# [ASSIGNMENT]
Scan the records beneath this line for the line holding "What's The Craic Decoration | Born and Bred" and the line holding "1958 Land Rover Series II", then transcribe exactly those two and all lines between.

# [SOURCE DATA]
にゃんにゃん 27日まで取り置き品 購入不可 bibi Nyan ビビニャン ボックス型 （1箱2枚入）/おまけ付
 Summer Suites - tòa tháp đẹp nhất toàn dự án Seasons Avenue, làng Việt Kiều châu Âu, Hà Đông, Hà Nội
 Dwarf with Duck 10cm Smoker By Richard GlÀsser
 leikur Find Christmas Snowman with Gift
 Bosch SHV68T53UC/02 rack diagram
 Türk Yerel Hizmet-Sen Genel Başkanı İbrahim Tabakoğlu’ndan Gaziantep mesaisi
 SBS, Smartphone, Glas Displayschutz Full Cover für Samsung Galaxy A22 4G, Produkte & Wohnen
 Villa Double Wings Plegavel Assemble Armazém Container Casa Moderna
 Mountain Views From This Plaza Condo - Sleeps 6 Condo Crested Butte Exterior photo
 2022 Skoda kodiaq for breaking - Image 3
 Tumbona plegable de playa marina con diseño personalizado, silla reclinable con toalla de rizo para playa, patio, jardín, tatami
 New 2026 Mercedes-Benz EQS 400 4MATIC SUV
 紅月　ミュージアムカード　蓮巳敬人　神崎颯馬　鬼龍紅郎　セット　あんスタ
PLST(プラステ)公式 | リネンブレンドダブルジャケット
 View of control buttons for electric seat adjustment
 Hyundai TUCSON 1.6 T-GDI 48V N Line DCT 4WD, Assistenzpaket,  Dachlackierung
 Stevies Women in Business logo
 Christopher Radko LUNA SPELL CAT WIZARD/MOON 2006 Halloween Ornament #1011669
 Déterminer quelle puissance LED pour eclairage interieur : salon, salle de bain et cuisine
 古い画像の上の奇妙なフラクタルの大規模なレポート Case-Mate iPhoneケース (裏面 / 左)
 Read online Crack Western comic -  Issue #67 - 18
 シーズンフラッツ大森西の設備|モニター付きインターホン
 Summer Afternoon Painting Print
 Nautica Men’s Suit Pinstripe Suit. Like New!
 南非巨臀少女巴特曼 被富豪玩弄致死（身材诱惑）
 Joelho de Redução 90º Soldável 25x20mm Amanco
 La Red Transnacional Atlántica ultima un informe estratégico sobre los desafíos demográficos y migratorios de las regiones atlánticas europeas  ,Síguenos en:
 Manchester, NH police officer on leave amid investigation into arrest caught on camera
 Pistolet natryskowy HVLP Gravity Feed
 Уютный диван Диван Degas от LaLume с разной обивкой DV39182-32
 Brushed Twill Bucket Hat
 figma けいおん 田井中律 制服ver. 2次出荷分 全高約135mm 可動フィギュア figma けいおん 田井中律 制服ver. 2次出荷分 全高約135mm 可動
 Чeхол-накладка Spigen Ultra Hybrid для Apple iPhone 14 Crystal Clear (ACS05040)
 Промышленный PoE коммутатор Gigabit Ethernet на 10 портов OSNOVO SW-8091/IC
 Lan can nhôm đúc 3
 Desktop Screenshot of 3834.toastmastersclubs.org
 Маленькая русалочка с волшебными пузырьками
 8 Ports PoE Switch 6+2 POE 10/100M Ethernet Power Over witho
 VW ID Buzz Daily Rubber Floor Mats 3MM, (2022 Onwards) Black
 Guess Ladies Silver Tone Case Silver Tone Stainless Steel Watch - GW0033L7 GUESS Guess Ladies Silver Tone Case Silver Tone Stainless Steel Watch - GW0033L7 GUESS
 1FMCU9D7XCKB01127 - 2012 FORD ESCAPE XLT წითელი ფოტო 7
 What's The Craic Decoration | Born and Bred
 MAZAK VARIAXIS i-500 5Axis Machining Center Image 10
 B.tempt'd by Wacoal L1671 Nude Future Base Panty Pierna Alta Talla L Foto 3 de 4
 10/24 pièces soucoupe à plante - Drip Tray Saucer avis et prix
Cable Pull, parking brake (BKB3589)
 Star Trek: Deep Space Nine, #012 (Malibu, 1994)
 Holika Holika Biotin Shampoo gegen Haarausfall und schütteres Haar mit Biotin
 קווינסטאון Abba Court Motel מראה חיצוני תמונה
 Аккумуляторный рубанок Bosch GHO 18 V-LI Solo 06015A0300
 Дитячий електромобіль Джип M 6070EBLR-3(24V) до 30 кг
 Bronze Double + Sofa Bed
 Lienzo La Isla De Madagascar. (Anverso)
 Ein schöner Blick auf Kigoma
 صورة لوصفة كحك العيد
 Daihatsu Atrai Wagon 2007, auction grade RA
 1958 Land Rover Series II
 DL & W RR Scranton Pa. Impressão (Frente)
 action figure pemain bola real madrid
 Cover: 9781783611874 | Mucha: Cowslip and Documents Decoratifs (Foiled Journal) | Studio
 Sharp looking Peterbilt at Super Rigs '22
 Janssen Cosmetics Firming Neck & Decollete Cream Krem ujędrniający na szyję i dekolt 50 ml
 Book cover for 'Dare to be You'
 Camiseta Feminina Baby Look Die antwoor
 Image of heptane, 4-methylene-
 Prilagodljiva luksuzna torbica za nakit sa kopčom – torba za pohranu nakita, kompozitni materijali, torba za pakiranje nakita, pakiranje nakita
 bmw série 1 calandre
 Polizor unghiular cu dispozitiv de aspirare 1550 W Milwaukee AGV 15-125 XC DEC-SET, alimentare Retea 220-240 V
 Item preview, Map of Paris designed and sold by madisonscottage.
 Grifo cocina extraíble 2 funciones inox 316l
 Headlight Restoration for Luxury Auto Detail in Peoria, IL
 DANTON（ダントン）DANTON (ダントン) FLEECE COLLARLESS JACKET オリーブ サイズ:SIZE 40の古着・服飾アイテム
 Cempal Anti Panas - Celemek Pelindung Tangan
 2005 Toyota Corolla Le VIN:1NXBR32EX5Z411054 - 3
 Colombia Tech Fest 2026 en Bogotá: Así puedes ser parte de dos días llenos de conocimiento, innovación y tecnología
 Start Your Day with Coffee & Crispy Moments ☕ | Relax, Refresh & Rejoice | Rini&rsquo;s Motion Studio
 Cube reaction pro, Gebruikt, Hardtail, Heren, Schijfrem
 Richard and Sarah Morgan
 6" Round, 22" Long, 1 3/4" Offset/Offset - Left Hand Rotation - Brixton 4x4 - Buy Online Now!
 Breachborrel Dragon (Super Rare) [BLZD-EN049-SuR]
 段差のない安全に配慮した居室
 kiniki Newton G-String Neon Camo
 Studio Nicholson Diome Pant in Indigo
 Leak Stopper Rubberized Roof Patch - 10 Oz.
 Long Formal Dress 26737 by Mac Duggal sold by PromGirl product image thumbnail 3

# [WRITTEN SOLUTION]
 What's The Craic Decoration | Born and Bred
 MAZAK VARIAXIS i-500 5Axis Machining Center Image 10
 B.tempt'd by Wacoal L1671 Nude Future Base Panty Pierna Alta Talla L Foto 3 de 4
 10/24 pièces soucoupe à plante - Drip Tray Saucer avis et prix
Cable Pull, parking brake (BKB3589)
 Star Trek: Deep Space Nine, #012 (Malibu, 1994)
 Holika Holika Biotin Shampoo gegen Haarausfall und schütteres Haar mit Biotin
 קווינסטאון Abba Court Motel מראה חיצוני תמונה
 Аккумуляторный рубанок Bosch GHO 18 V-LI Solo 06015A0300
 Дитячий електромобіль Джип M 6070EBLR-3(24V) до 30 кг
 Bronze Double + Sofa Bed
 Lienzo La Isla De Madagascar. (Anverso)
 Ein schöner Blick auf Kigoma
 صورة لوصفة كحك العيد
 Daihatsu Atrai Wagon 2007, auction grade RA
 1958 Land Rover Series II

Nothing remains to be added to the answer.